La capitale de l’Arizona subit actuellement sa plus longue vague de chaleur jamais enregistrée : vendredi, le mercure a dépassé les 43 °C pour un 22e jour d’affilée. Cette métropole désertique du sud-ouest américain est un laboratoire idéal pour se préparer au climat de demain. « Si l’avenir de Paris ressemble à Phoenix aujourd’hui, nous pouvons apprendre beaucoup de choses sur la façon dont nous concevons les bâtiments », reprend M. Rykaczewski. « Comment les modifier ? Et comment changer ce que nous portons ? Comment modifier nos comportements et les adapter à des températures de cet ordre de grandeur ? » Andi est également reprogrammable à l’infini.
L’équipe de chercheurs peut « créer des jumeaux numériques du mannequin pour étudier différents segments de la population », précise Jennifer Vanos, une climatologue impliquée dans le projet. Jeunes, sportifs, personnes obèses ou à la santé fragile… Les scientifiques peuvent ainsi simuler les mécanismes de thermorégulation propres à chacun — plus on vieillit, moins on transpire, par exemple. — Protéger les plus vulnérables – contrairement au commun des mortels, Andi peut aussi survivre en plein cagnard sans verser une goutte, lors d’expériences où la transpiration n’est pas un facteur important.
Comment affronter un vent chaud, une chaleur humide, avec quel type d’habits ? Les scientifiques vont mettre son profil tout terrain à l’épreuve de multiples situations. Leurs recherches seront utiles pour concevoir des vêtements contre la chaleur, repenser l’urbanisme de nos villes ou protéger les plus vulnérables.
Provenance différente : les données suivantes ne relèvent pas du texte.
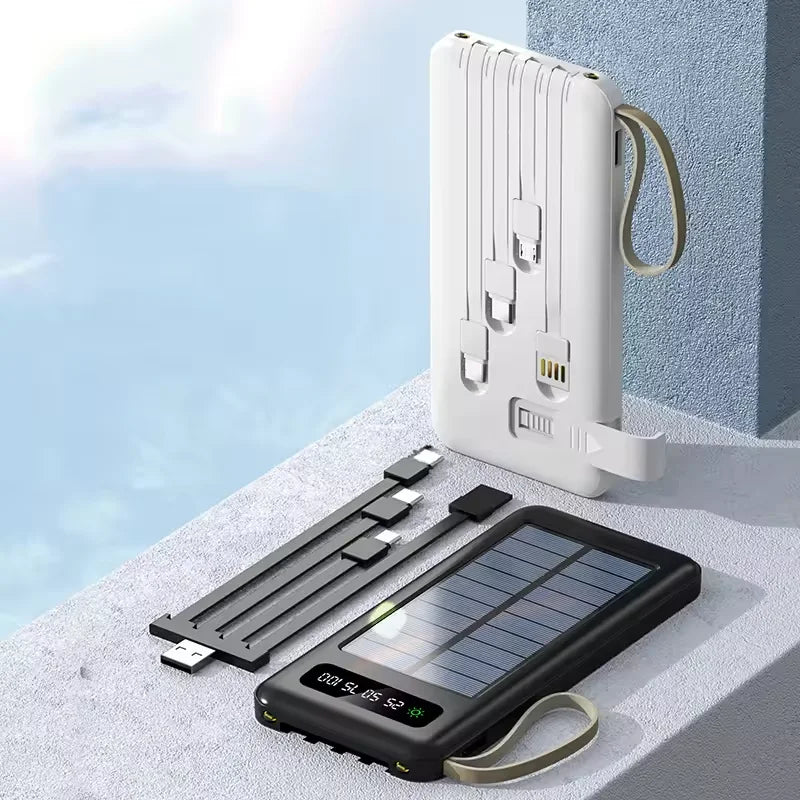 Lanyard Design Comes with Mobile Phone Holder 2USB Output 1 to 4 Output Charging Cable 20000 MAh Solar Power Bank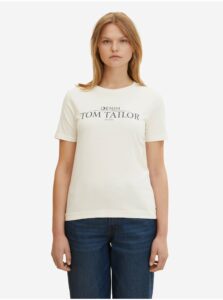Krémové dámské tričko Tom Tailor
À Phoenix, qui ouvre des dizaines de « points fraîcheur » chaque été pour les sans-abri, leurs conclusions pourraient aiguiller l’action des travailleurs sociaux. « Combien de temps une personne doit-elle aller dans un centre pour que sa température redescende à un niveau sûr ? Nous pouvons répondre à cette question avec Andi », s’enthousiasme Mme Vanos.
L’équipe rêve également de mettre au point des capteurs bon marché, à utiliser sur les chantiers pour ajuster la durée du travail en fonction de la chaleur réellement ressentie sur site et de la santé des ouvriers. À l’heure actuelle, les horaires y sont souvent limités seulement en fonction de la météo générale, regrette M. Rykaczewski. Cela permettrait « d’aller vers plus de sécurité, plutôt que d’avoir ces recommandations monolithiques par ville, par État, par pays », conclut le chercheur.